MATERIAL SUPPLIED:

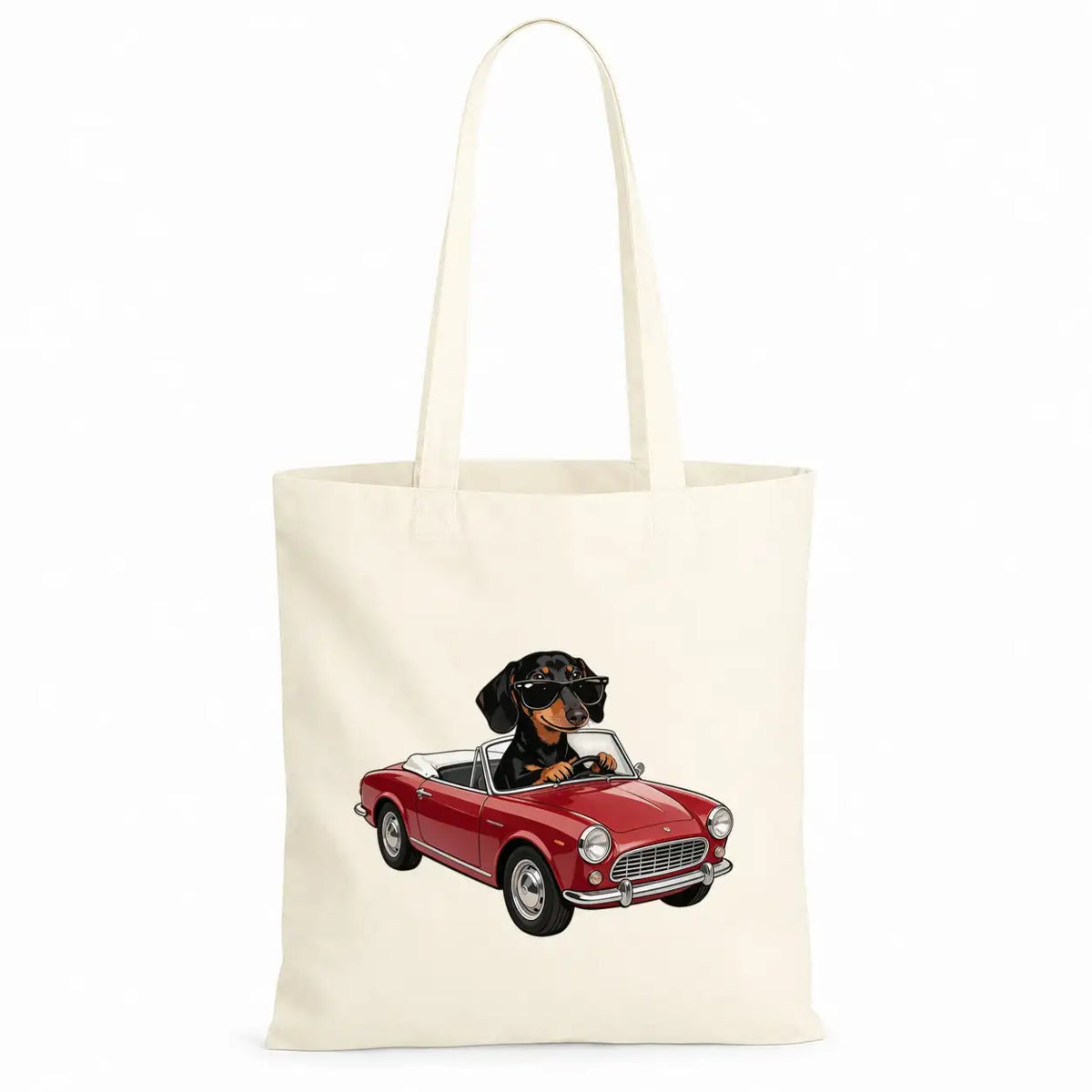 Baumwolltasche - Dackel mit Sonnenbrille im Auto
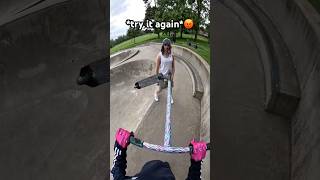 Skater BEEFS ME😡 scooter skatepark beef fight funny comedy skateboarding [upl. by Scherman]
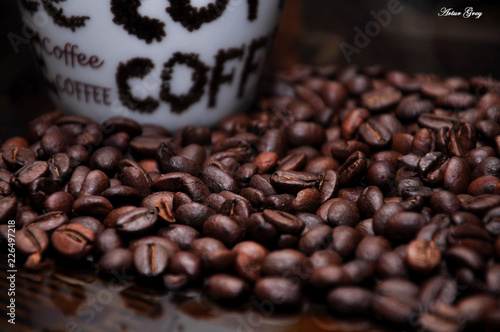 coffee beans in cup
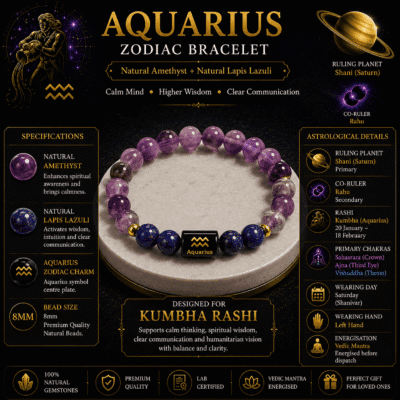 Aquarius Zodiac Bracelet specifications featuring Natural Amethyst, Lapis Lazuli, Saturn, Rahu, chakras and Kumbha Rashi details.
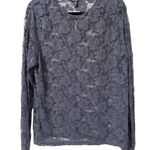 Feathers women’s size 3X lacy floral sheer pullover long sleeve grey top dressy Gray Photo 8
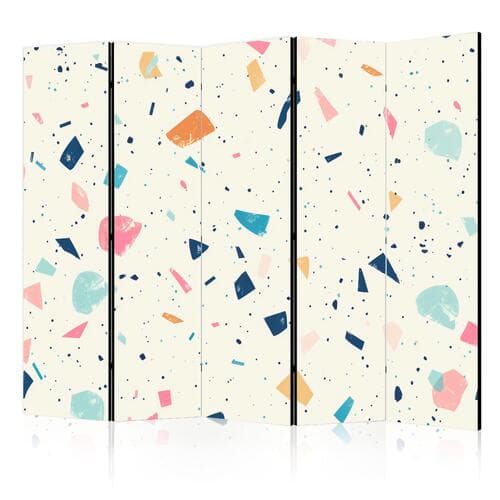 Parawan Lastriko z wielokolorowymi - dużymi elementami - wesoły wzór na jasnym tle 225×172 cm, akustyczny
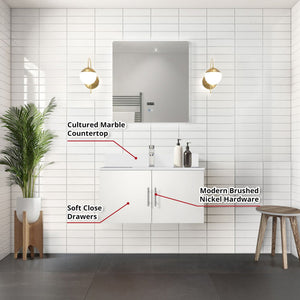 English Elm Glossy White Bath Vanity Set With Cultured Marble Top, Chrome Faucet & Led Mirror – Stylish & Durable B2731S01317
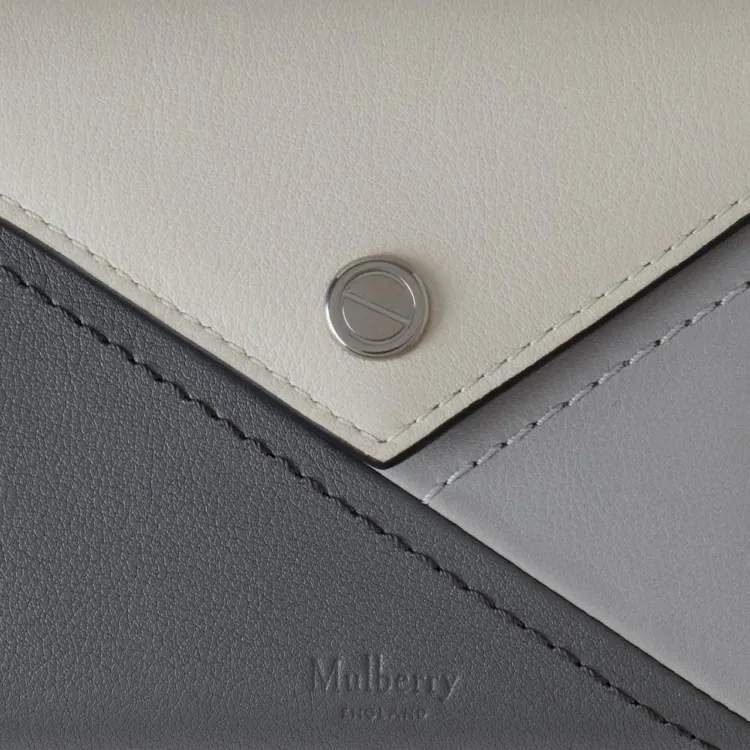 Mulberry Calfskin Wallet Medium Size Women's Charcoal Gray-2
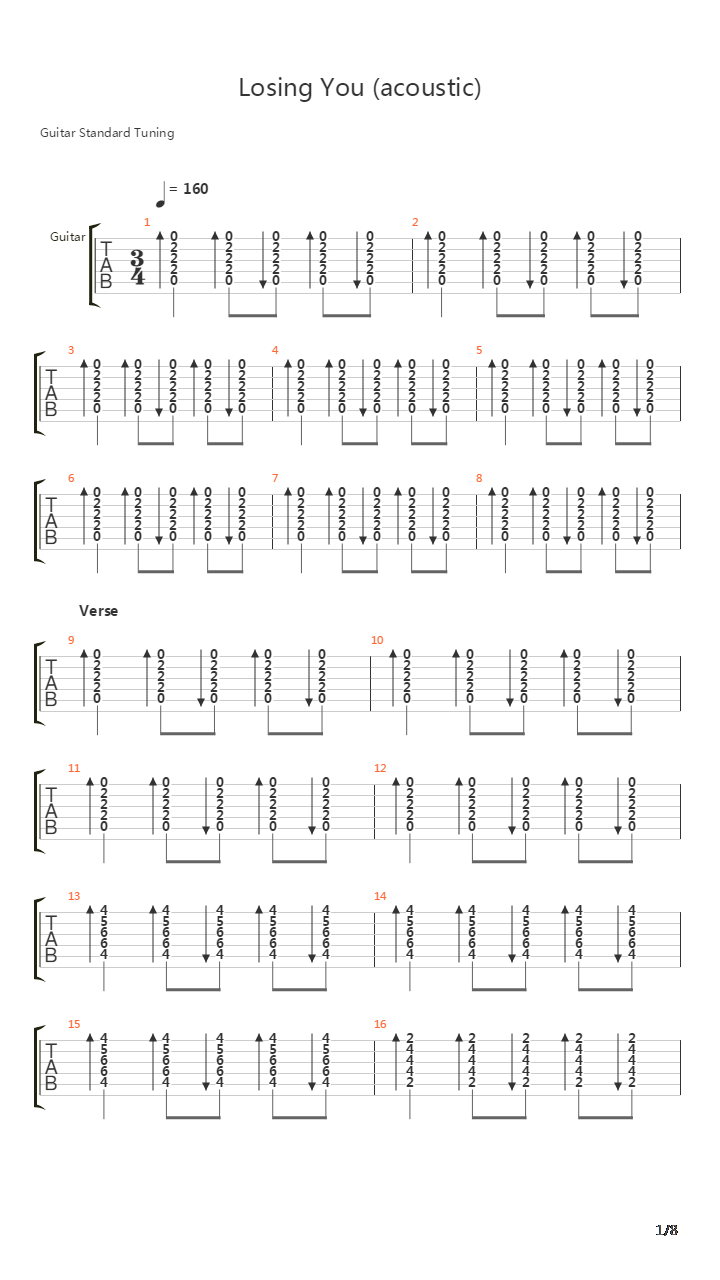Losing You吉他谱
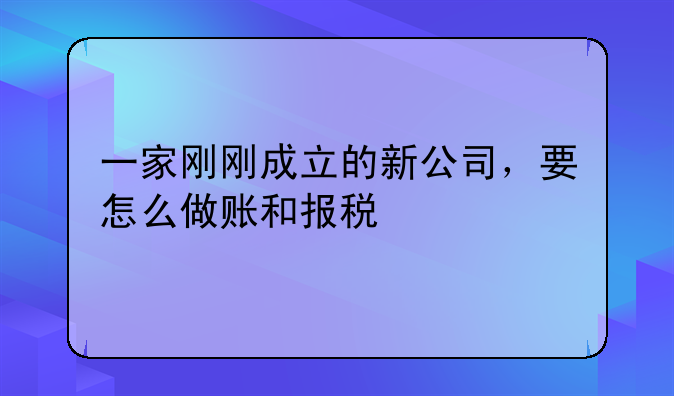 一家剛剛成立的新公司，要怎么做賬和報(bào)稅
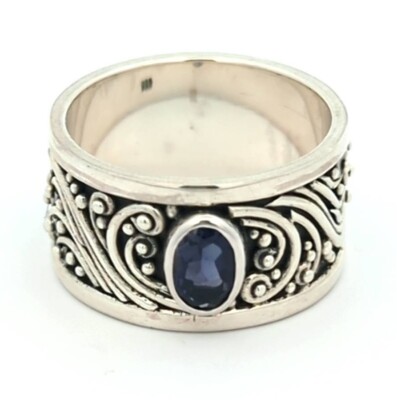 Video Samuel B Behnam 925 Sterling Silver Natural Iolite Band Ring Designer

TRY IT: Set down all of the entries exactly as they stand, without any image.

RESPONSE AREA:
 Baumwolltasche - Dackel mit Sonnenbrille im Auto
 Skater BEEFS ME😡 scooter skatepark beef fight funny comedy skateboarding [upl. by Scherman]
 coffee beans in cup
 Aquarius Zodiac Bracelet specifications featuring Natural Amethyst, Lapis Lazuli, Saturn, Rahu, chakras and Kumbha Rashi details.
 Feathers women’s size 3X lacy floral sheer pullover long sleeve grey top dressy Gray Photo 8
 Parawan Lastriko z wielokolorowymi - dużymi elementami - wesoły wzór na jasnym tle 225×172 cm, akustyczny
 English Elm Glossy White Bath Vanity Set With Cultured Marble Top, Chrome Faucet & Led Mirror – Stylish & Durable B2731S01317
 Mulberry Calfskin Wallet Medium Size Women's Charcoal Gray-2
Losing You吉他谱
 一家剛剛成立的新公司，要怎么做賬和報(bào)稅
 Video Samuel B Behnam 925 Sterling Silver Natural Iolite Band Ring Designer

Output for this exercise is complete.